A US Embassy official in Ankara, the Turkish capital, said Wednesday that the US is aware that Turkey wants to rebuild its ties with Iraq. The Turks have not, however, formally approached the US seeking the opportunity to resume trade with Iraq as a condition for the extension of Provide Comfort, the spokesman said.
"There is no such condition, and there is no such bargaining," said a senior Turkish official. But the official added that Turkey has contacted other countries and the UN about coming to terms with Iraq on easing the embargo and on the export of Iraqi oil.
Iraq and the UN appeared to have agreed in principle Wednesday in Vienna on a long-discussed plan that would allow Iraq to sell $1.6 billion worth of oil to fund humanitarian supplies, but Iraq is insisting that the oil be shipped through one of its own ports. Turkey wants the oil shipped through the pipeline from Kirkuk, Iraq, to the Turkish port at Iskenderun, which earned Turkey $400 million a year before the Gulf crisis.
Turkish officials say there is no reason Turkey should wait indefinitely to renew ties with Iraq now that the West admits that Saddam's position is firm.
The international force - usually called by its code name, "Poised Hammer," in Turkey - is made up of air units from the US, Britain, and France that fly reconnaissance missions over northern Iraq. It has served as a deterrent against Saddam's regime since the Gulf war.
Prime Minister Suleyman Demirel's government, which took office late last year, had decided to extend the mandate of Provide Comfort until the end of this month, but handed over the responsibility for any further extension - or termination of the term - to Parliament.
Mr. Demirel and members of Turkey's National Security Council supported the extension this week and urged Parliament to allow the force to stay. Political observers predict a vote of approval, but caution that the debate could be heated.
The force's backers say it deters Saddam and argue that if Turkey asks the allies to leave, the Iraqi leader may renew his campaign against the Kurds in northern Iraq. Then the world would blame the Turks for the tragedy, the proponents warn.
Said Demirel: "We cannot say no to a deterrent force, at a time when the world is looking for such a force in Bosnia and the fear still continues that the Iraqi leadership is looking for an excuse to crush the Kurds.... We cannot allow a new Halabja disaster to reoccur," a reference to a 1988 massacre of Kurds by Iraqi troops.
A second argument: Turkey would lose the support of Western allies if it refused to support the force. Privately officials say Turkey cannot afford to eject Provide Comfort and alienate the US.
Provide Comfort is also seen to serve Turkey's security interests.
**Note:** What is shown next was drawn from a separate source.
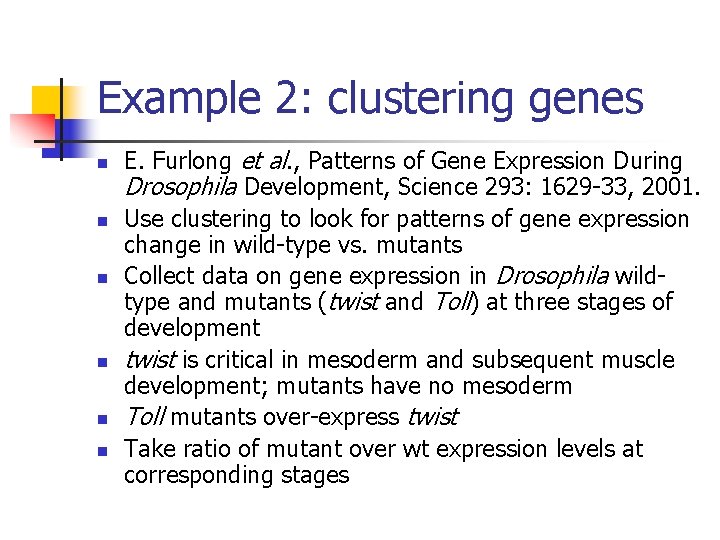 Example 2: clustering genes n n n E. Furlong et al. , Patterns of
The Turkish military asserts that the Kurdish zone protected by the force acts as a buffer that bars Saddam's expansionist designs, and that the allies stabilize an area that has been used by Kurdish rebels - guerrillas of the Kurdish Workers Party (PKK) - to mount attacks against southeastern Turkey.
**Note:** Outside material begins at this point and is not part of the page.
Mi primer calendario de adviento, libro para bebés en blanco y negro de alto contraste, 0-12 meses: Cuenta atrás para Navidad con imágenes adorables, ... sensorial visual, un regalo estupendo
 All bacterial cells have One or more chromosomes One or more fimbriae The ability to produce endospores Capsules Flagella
Conversely, several Turkish politicians and commentators have said the continued presence of Provide Comfort will lead to Kurdish separatism in northern Iraq. "While this force protected the Kurds, it also paved the way for their self-rule," said the daily newspaper Hurriyet.
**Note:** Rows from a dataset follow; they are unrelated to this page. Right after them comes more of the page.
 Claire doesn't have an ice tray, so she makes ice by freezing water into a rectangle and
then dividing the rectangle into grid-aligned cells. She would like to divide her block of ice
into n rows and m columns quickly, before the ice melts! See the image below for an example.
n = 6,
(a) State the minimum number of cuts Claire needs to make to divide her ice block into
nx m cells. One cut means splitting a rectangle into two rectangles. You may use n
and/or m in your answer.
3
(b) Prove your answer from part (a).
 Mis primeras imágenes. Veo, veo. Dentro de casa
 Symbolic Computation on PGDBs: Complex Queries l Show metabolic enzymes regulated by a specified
Although the fear of a Kurdish state is being exploited by anti-Western leftists and pro-fundamentalists, many liberal Turks and even some Turkish diplomats share this concern. Although Kurdish leaders say their purpose is not to set up an independent state, Turks are suspicious about their long-term aspirations.
Critics also argue that it is easier for the PKK to operate in a region under allied protection than under Saddam's control. They maintain that the power vacuum in northern Iraq benefits the Kurdish rebels attacking Turkey.